Fijo discontínuo contracts, the contracts most of you should be working under if you don’t have a “contrato fijo”, allow teachers to demand their unemployment benefits if they have a right to them (if they have worked for more than a year) during the summer (or any other period of inactivity).
But, when teachers go to SEPE to ask for their paro, they are asked a question that, in most cases baffles them (and not without cause): “do you want to resume your previous unemployment or start with the latest one?”
I will try to explain it easily in this short article.
The right of option.
All contracts have a special characteristic, which is called the “derecho de opción“. It is, in my opinion, something done with good intentions, but (again as is often done in Spain) not implemented in the most efficient or simple way. Any extra option in Spain means added complexity and paperwork.
The underlying principle is paro is suspended when you start to work. If you have not collected all the days you were entitled to receive, it will be stored and, when your contract finishes again – and if you have a right to it – you will be given the option to chose to resume this paused paro, or start the new one (and the old is lost). Remember that any one of them might have higher rates, or be of a greater amount of days and so be more beneficial to the worker.
BUT fijo discontinuo contracts are treated specially and the previous paro is not lost.
Fijo discontinuo contracts were designed for workers who work for companies with periods of inactivity. While the company has no work for them their contract is suspended (not ended), they receive a finiquito (always) and they can start using the paro they’ve accumulated during all the time they’ve worked (if it has been 12 months or more).
Fijo discontinuo workers will always be asked which paro they prefer to receive, the one from before they started to work (which was suspended while he was working) or the new one which has been created during this last period of activity. If he choses to resume the previously suspended paro, the new days which have been accumulated while he was working are not lost, and can be used in a future period of inactivity.
So, basically, all these periods of activity (I think they only count the last 2, but I’m not sure of that), if the add up to more than a year, create a new right to paro which will for part of the option given to you when you have to demand your unemployment.
By the way, fijo discontinuo contracts cannot get paro while working with part time contracts (other types of contracts can combine paro and part time jobs).
What does it imply for teachers.
In most cases teachers will be restarting their previous job.

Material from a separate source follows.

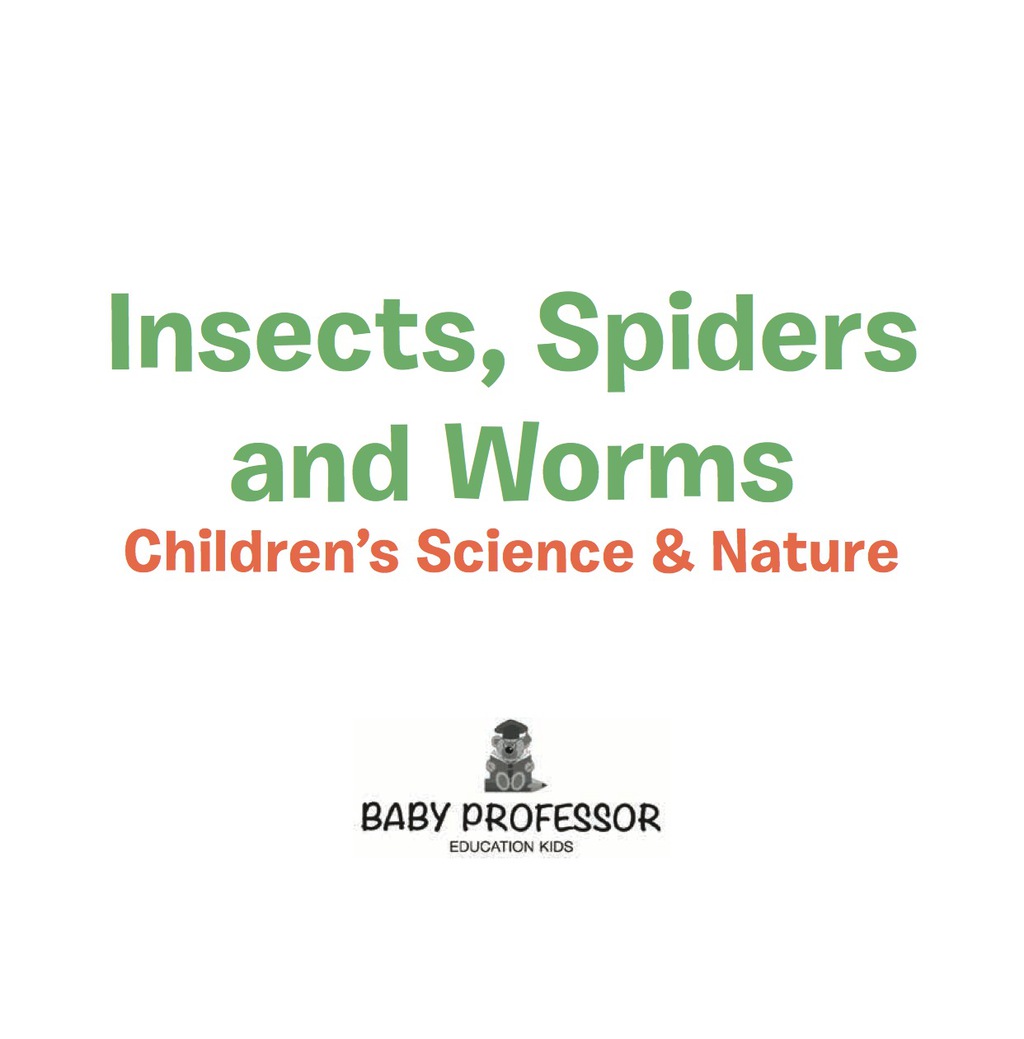 Insects, Spiders and Worms | Children's Science & Nature - (PDF/EPUB Version)
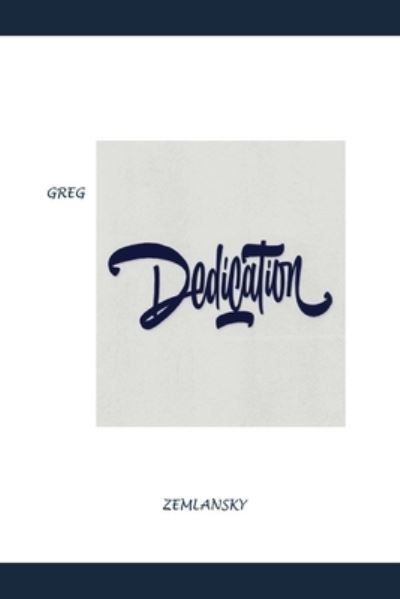 Dedication - Greg Zemlansky - Books - Independently Published - 9798548568472 - August 2, 2021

So the main questions they should ask SEPE is
- how many days they’ve got left in each option.
- what happens if he choses the new paro (I’m pretty sure the other one is lost).
If we consider teachers working for a whole year they will accumulate a right to receive 4 months of paro (there are tables to calculate this). More than enough for two summers. So you can resume the previous paro in most cases and leave the new one for a future occasion.
But imagine someone who has been working for 2 years in a row. Fijo discountinuo contracts do not need to be suspended (you might have a good year, of summer camps with work all year long). Or you might have started a fijo discontinuo but your last job had lasted for 2 years. Then he starts working again for a year, and then the contract is paused. He will be given the option to chose the first paro (8 months) or the second one (4 months). It makes more sense to finish the 8 month long paro than start the new one. Specially if you are not sure when you will be hired again.
I hope this article helps to clear things things up and, at least to know which questions to ask at SEPE when you are given the choice.
Btw: you don’t have to chose immediately, you have 10 days to do so. But I see no sense in delaying the choice, specially when asking for an appointment is so difficult nowadays.
NB: I’m not an expert, just someone who likes to be informed …So the information here should not be taken rigurously and you should allways confirm it with an expert. I will gladly ammend anything that is proven wrong, as these articles are here to inform people.
NB2: they are written in a hurry (my time is scarce), and I know you all are English teachers (I am not). So excuse any grammar mistakes. In this case I willingly sacrifice perfections to get the article out there.